What is the probability you eventually grab the red marble twice during an iteration?

The probability

that you never draw the red marble twice in a row is the probability that you don't on the first iteration, times the probability that after that you don't on the second iteration, times the probability that after that you don't on the third iteration, and so forth.

That equals

$$\frac34\cdot\frac{15}{16}\cdot\frac{35}{36}\cdot\frac{63}{64}\cdots$$ or $$\frac{1\cdot3}{2\cdot2}\cdot\frac{3\cdot5}{4\cdot4}\cdot\frac{5\cdot7}{6\cdot6}\cdot\frac{7\cdot9}{8\cdot8}\cdots$$.

This is exactly

the reciprocal of the famous Wallis product for $$\pi$$, so the probability of never getting a red pair is $$\frac2\pi$$ and the probability of ever getting one is therefore $$1-\frac2\pi$$ or about 36.34%.

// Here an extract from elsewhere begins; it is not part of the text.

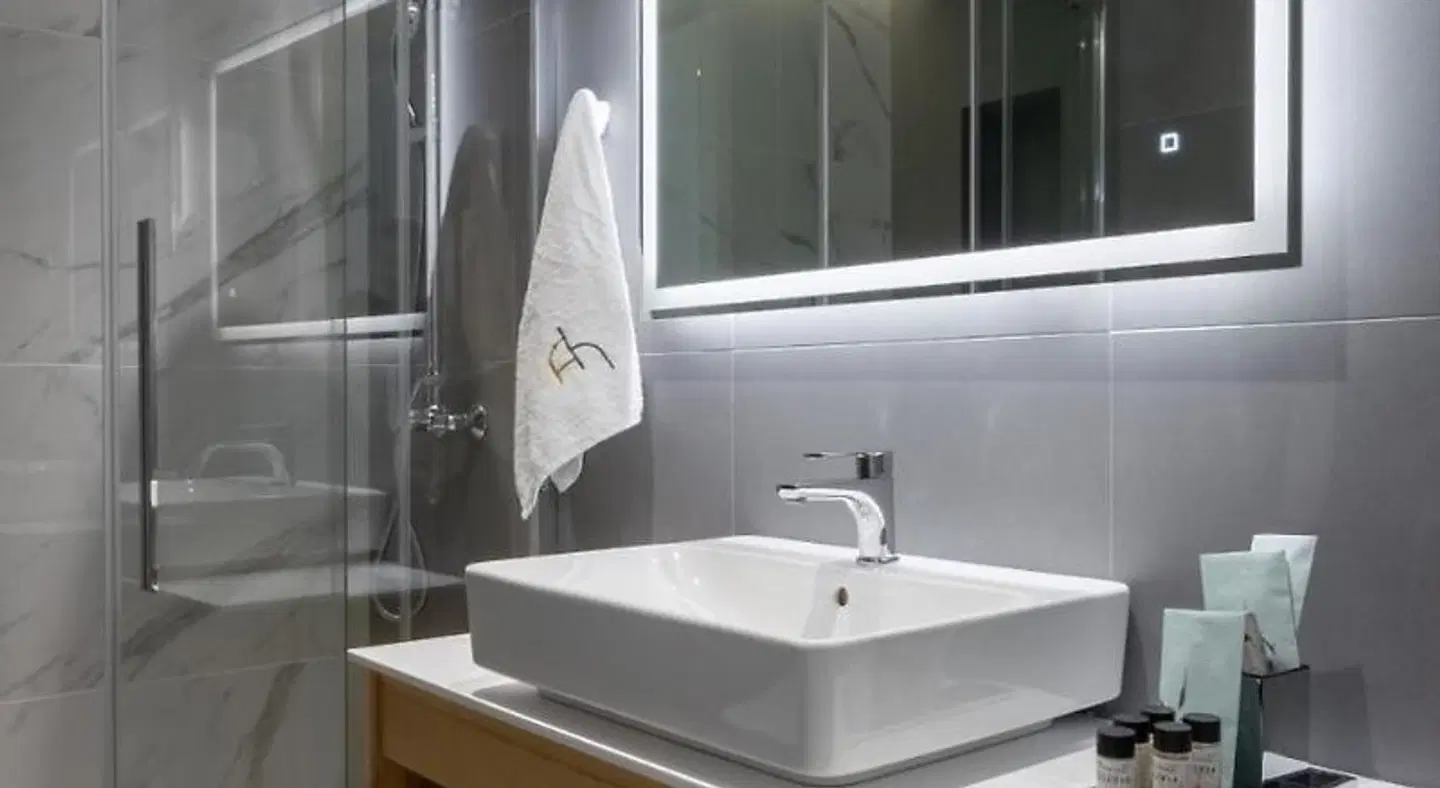 Athens Hill Luxury Apartments Badezimmer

• Aye, there's my problem. I knew I was missing something. Commented Jun 3, 2020 at 13:38

The value is equivalent to an infinite series according to the function:

SUM(n=1,inf,(1/2n)^2)

Equivalent to:

(1/4)SUM(n=1,inf,1/n^2)

Which the latter returns:

pi^2/6, divided by 4 gives us pi^2/24, or roughly 41.1%. It definitely feels odd that in this case it is more likely that this procedure will continue infinitely than it is that it would eventually end. Very interesting problem!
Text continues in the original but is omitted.